- [ACTION ITEM] Copy the listing below exactly, but skip the pictures.

- [ENTRIES SHOWN]
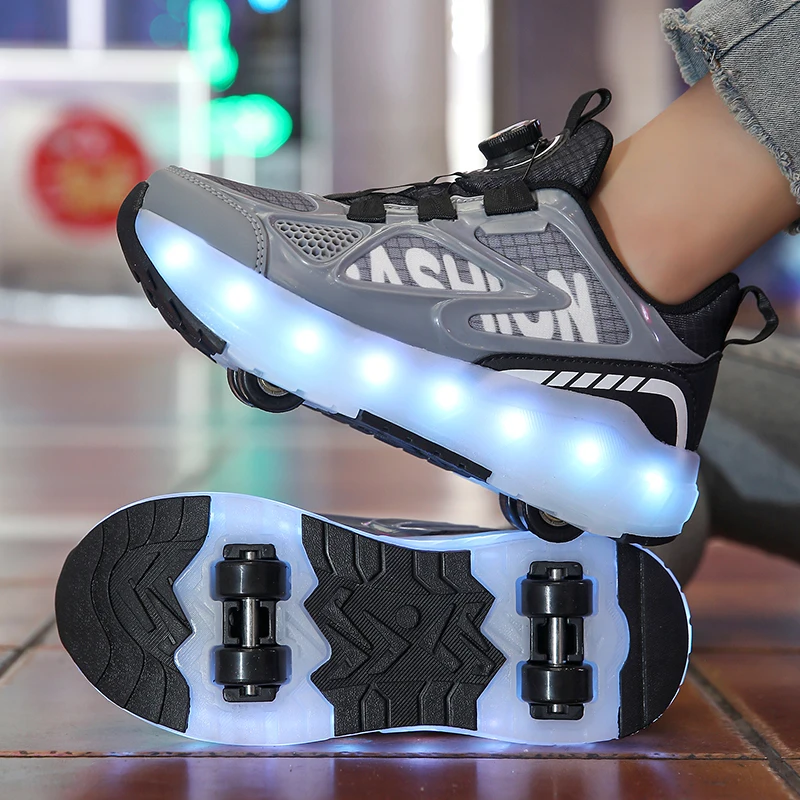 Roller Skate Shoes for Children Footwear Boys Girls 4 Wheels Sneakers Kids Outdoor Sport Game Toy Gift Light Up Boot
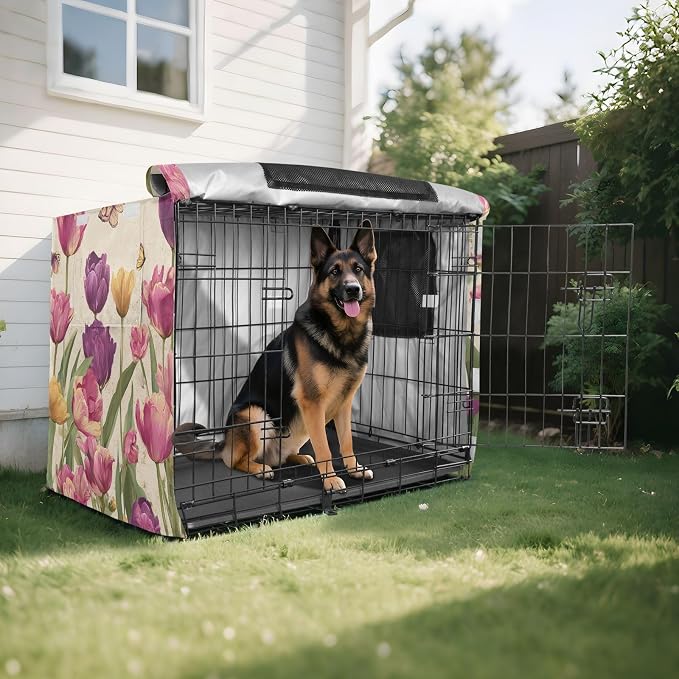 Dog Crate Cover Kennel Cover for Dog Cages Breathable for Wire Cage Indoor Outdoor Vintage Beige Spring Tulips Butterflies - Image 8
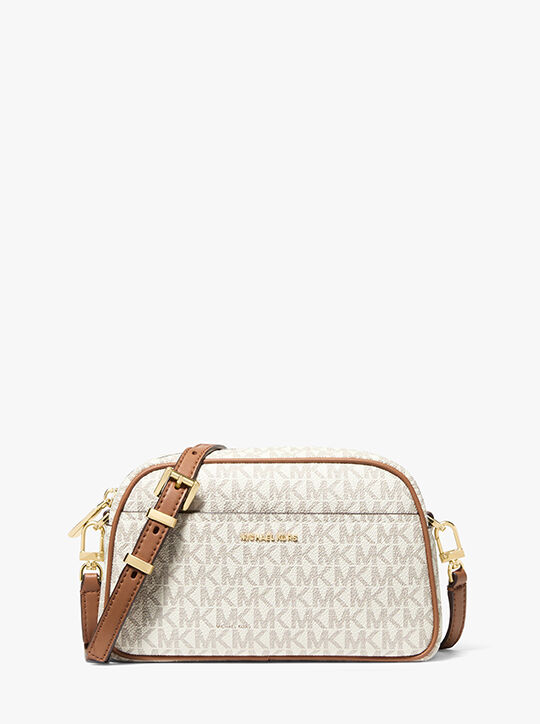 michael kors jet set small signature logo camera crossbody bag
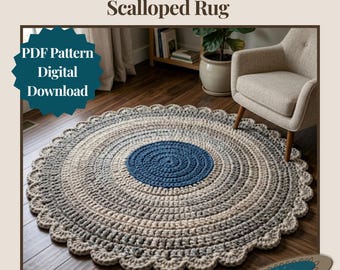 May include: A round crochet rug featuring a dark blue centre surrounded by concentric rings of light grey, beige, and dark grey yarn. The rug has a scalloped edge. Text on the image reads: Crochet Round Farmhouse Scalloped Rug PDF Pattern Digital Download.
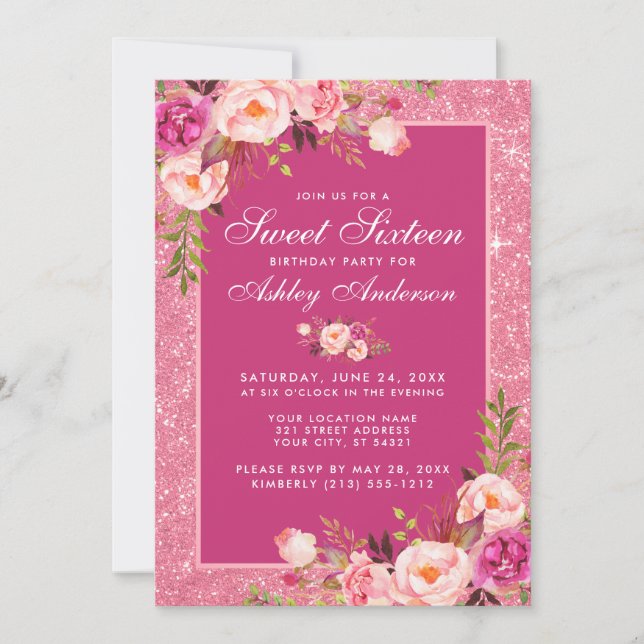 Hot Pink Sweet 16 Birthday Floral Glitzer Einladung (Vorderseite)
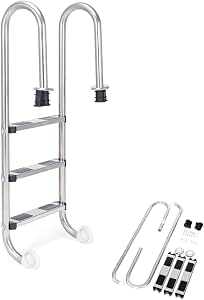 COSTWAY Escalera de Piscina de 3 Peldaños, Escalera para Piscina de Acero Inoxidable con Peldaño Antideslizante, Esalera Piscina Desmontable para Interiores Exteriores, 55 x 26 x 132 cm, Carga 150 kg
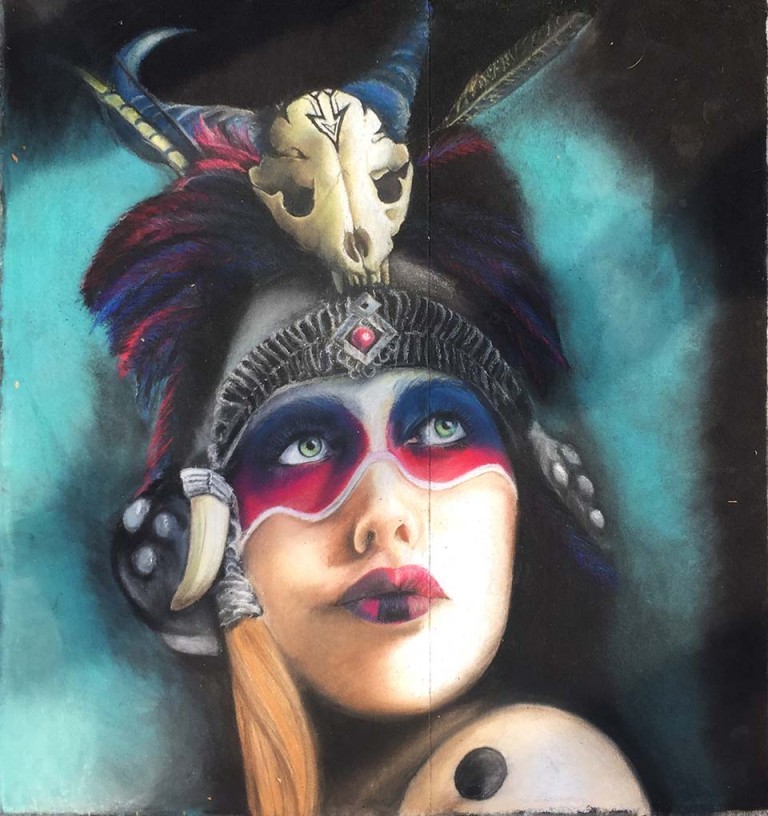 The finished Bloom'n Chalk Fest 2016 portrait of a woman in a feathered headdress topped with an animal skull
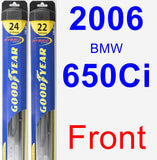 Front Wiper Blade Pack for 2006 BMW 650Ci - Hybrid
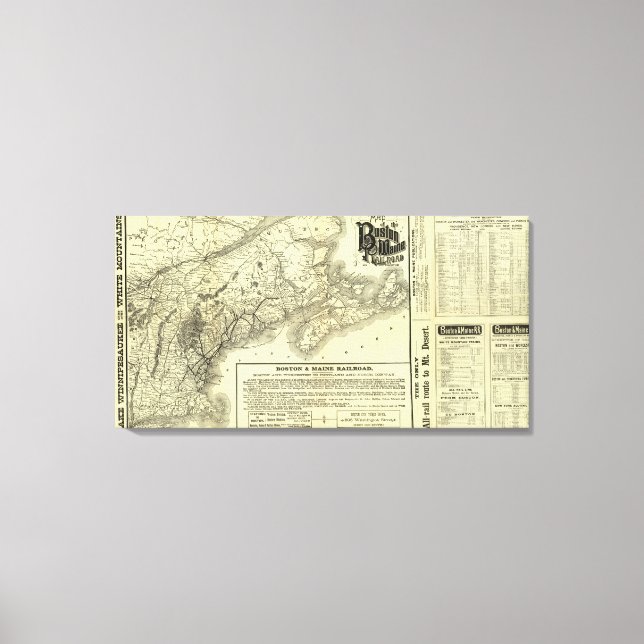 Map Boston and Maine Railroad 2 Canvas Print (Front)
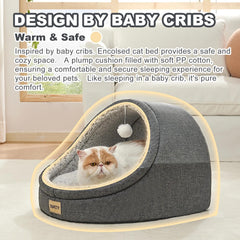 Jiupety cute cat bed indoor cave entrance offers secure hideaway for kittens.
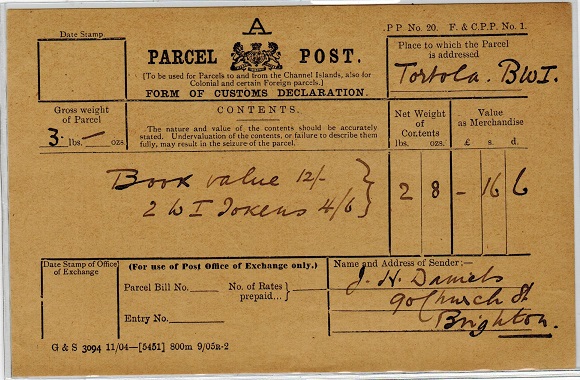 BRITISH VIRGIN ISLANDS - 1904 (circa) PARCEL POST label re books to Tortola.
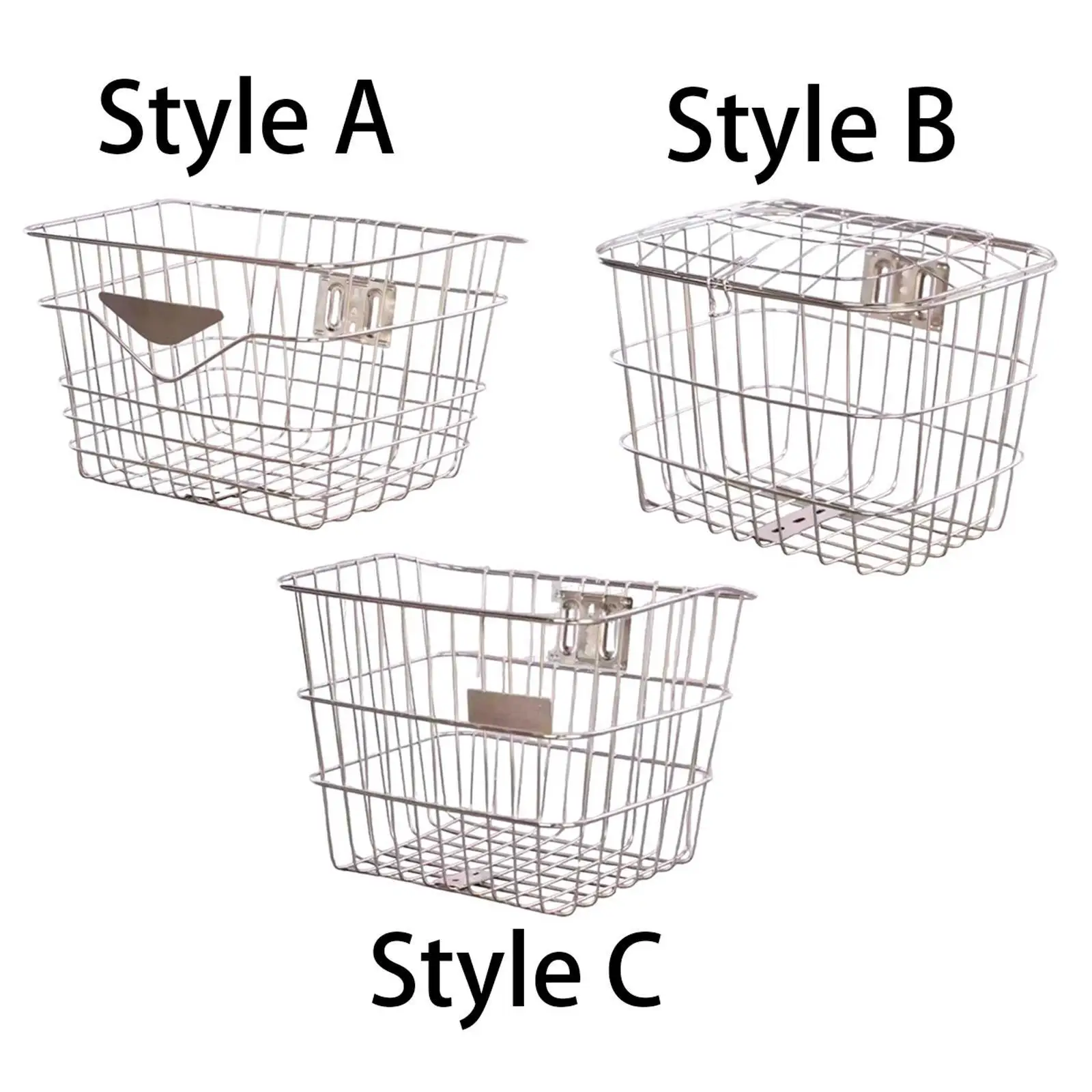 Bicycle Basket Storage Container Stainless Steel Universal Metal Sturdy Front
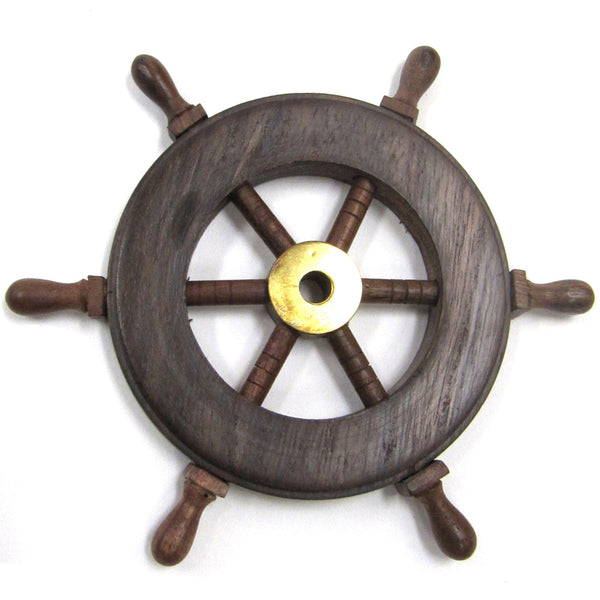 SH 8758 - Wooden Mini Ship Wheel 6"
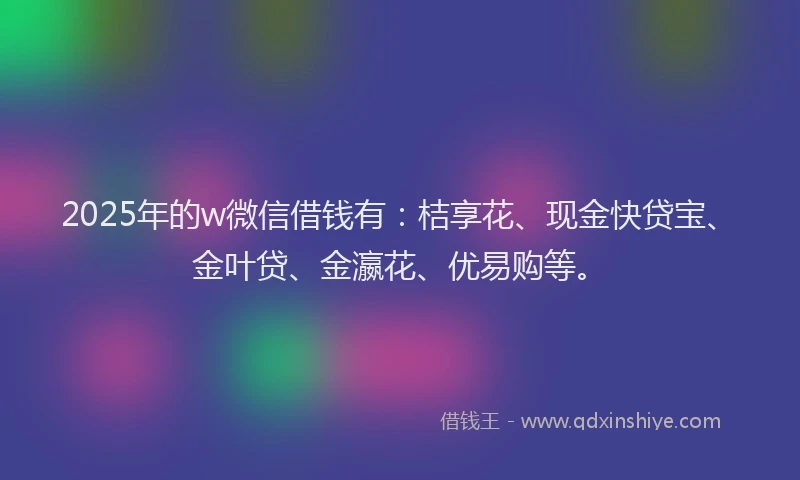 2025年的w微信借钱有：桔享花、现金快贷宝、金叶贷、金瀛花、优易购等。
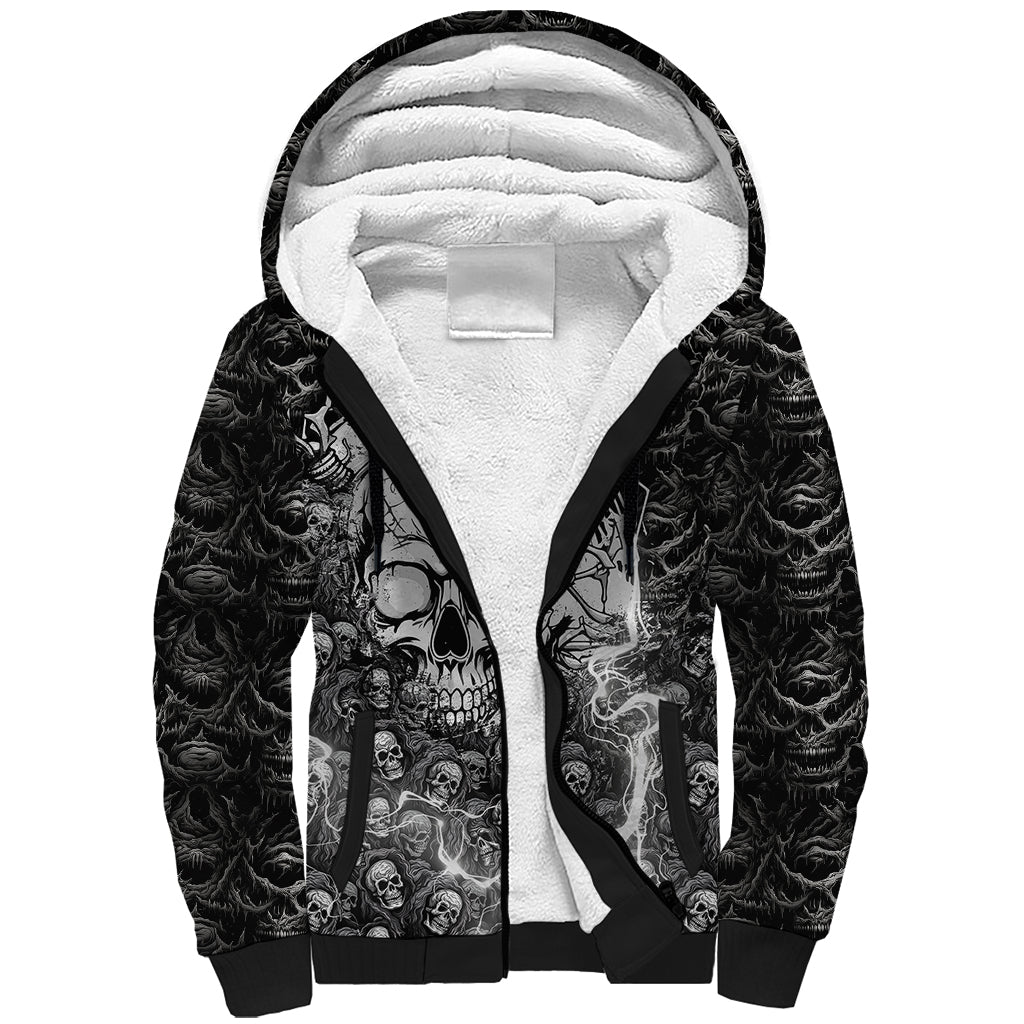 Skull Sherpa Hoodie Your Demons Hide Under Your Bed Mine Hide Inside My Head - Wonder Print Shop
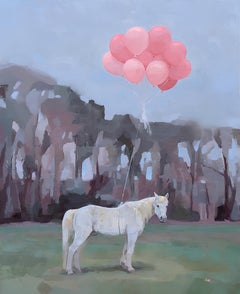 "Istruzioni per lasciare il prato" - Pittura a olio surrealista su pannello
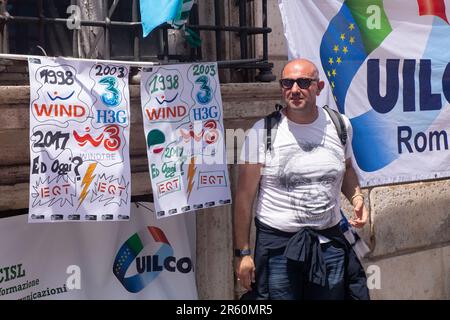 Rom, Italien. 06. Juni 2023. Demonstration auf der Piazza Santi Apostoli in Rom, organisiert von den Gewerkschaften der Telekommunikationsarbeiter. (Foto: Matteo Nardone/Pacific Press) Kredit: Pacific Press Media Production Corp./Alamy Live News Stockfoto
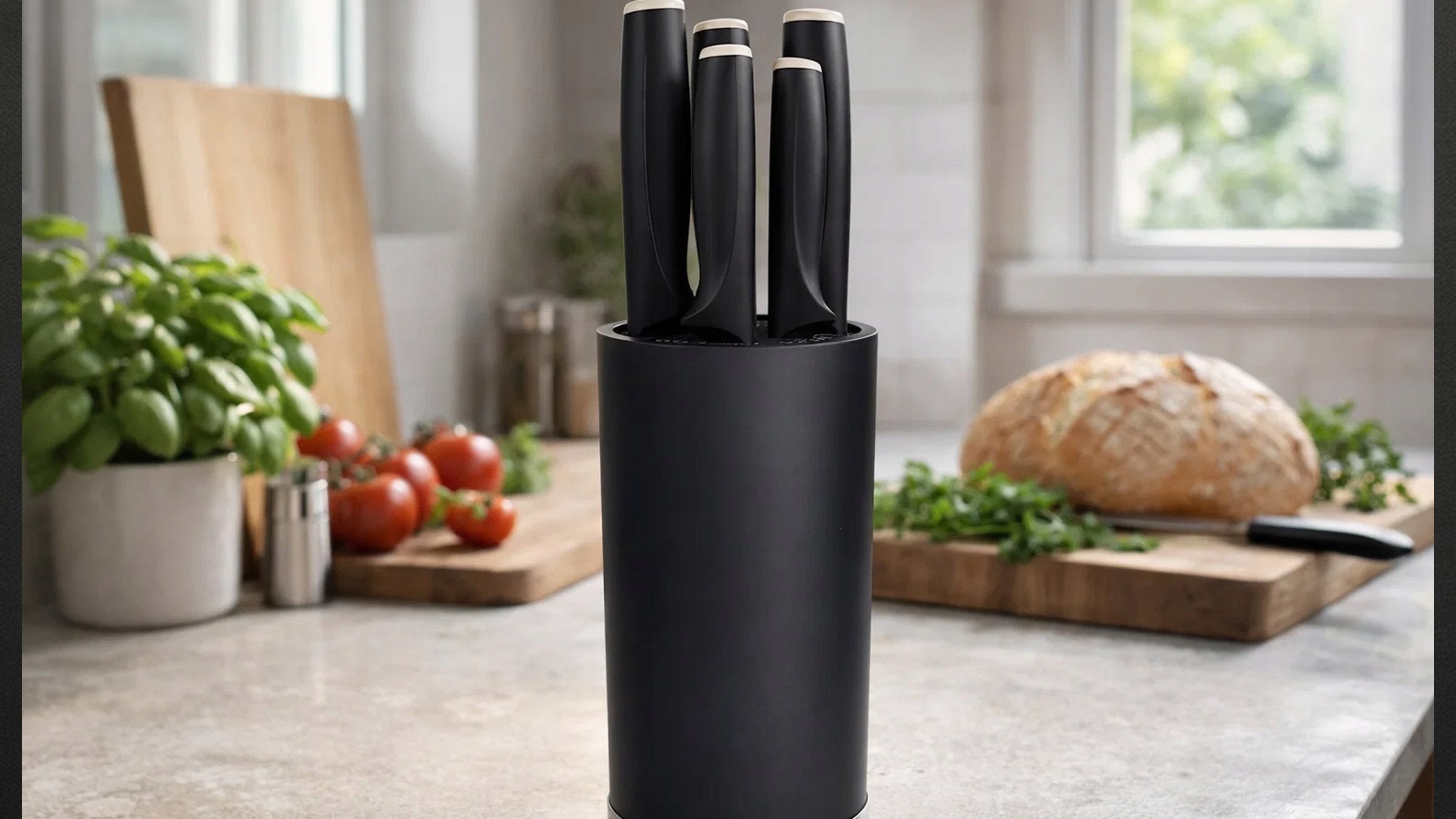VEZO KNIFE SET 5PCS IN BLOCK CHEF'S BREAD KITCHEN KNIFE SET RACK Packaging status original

- [EXPECTED OUTPUT]
 Roller Skate Shoes for Children Footwear Boys Girls 4 Wheels Sneakers Kids Outdoor Sport Game Toy Gift Light Up Boot
 Dog Crate Cover Kennel Cover for Dog Cages Breathable for Wire Cage Indoor Outdoor Vintage Beige Spring Tulips Butterflies - Image 8
 michael kors jet set small signature logo camera crossbody bag
 May include: A round crochet rug featuring a dark blue centre surrounded by concentric rings of light grey, beige, and dark grey yarn. The rug has a scalloped edge. Text on the image reads: Crochet Round Farmhouse Scalloped Rug PDF Pattern Digital Download.
 Hot Pink Sweet 16 Birthday Floral Glitzer Einladung (Vorderseite)
 COSTWAY Escalera de Piscina de 3 Peldaños, Escalera para Piscina de Acero Inoxidable con Peldaño Antideslizante, Esalera Piscina Desmontable para Interiores Exteriores, 55 x 26 x 132 cm, Carga 150 kg
 The finished Bloom'n Chalk Fest 2016 portrait of a woman in a feathered headdress topped with an animal skull
 Front Wiper Blade Pack for 2006 BMW 650Ci - Hybrid
 Map Boston and Maine Railroad 2 Canvas Print (Front)
 Jiupety cute cat bed indoor cave entrance offers secure hideaway for kittens.
 BRITISH VIRGIN ISLANDS - 1904 (circa) PARCEL POST label re books to Tortola.
 Bicycle Basket Storage Container Stainless Steel Universal Metal Sturdy Front
 SH 8758 - Wooden Mini Ship Wheel 6"
 2025年的w微信借钱有：桔享花、现金快贷宝、金叶贷、金瀛花、优易购等。
 Skull Sherpa Hoodie Your Demons Hide Under Your Bed Mine Hide Inside My Head - Wonder Print Shop
 "Istruzioni per lasciare il prato" - Pittura a olio surrealista su pannello
 Rom, Italien. 06. Juni 2023. Demonstration auf der Piazza Santi Apostoli in Rom, organisiert von den Gewerkschaften der Telekommunikationsarbeiter. (Foto: Matteo Nardone/Pacific Press) Kredit: Pacific Press Media Production Corp./Alamy Live News Stockfoto
VEZO KNIFE SET 5PCS IN BLOCK CHEF'S BREAD KITCHEN KNIFE SET RACK Packaging status original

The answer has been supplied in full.